- **YOUR INSTRUCTIONS**
Below, locate the line that contains "Đaghextan Của Tôi". Repeat exactly from that line to the line that contains "Pet Dogs Love", inclusive, leaving out the pictures.

(RECORDS FOR THIS EXERCISE begins)

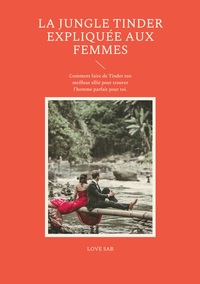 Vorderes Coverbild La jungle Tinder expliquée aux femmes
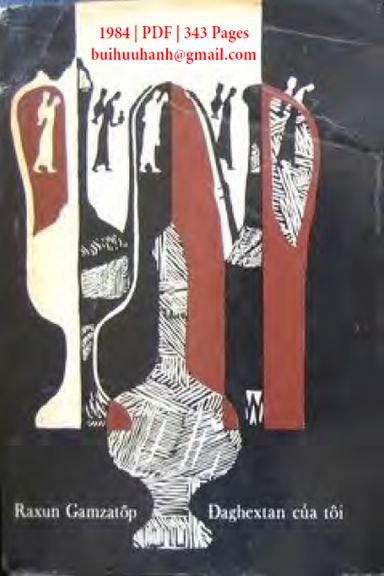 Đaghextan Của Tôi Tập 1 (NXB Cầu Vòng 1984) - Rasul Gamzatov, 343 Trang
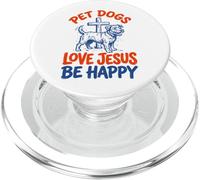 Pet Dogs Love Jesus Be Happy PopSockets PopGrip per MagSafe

(RECORDS FOR THIS EXERCISE ends)
(RECORDS FOR THIS EXERCISE begins)

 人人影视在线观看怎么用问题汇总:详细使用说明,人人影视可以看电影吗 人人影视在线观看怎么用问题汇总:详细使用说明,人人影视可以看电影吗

(RECORDS FOR THIS EXERCISE ends)

- **WRITTEN SOLUTION**
 Đaghextan Của Tôi Tập 1 (NXB Cầu Vòng 1984) - Rasul Gamzatov, 343 Trang
 Pet Dogs Love Jesus Be Happy PopSockets PopGrip per MagSafe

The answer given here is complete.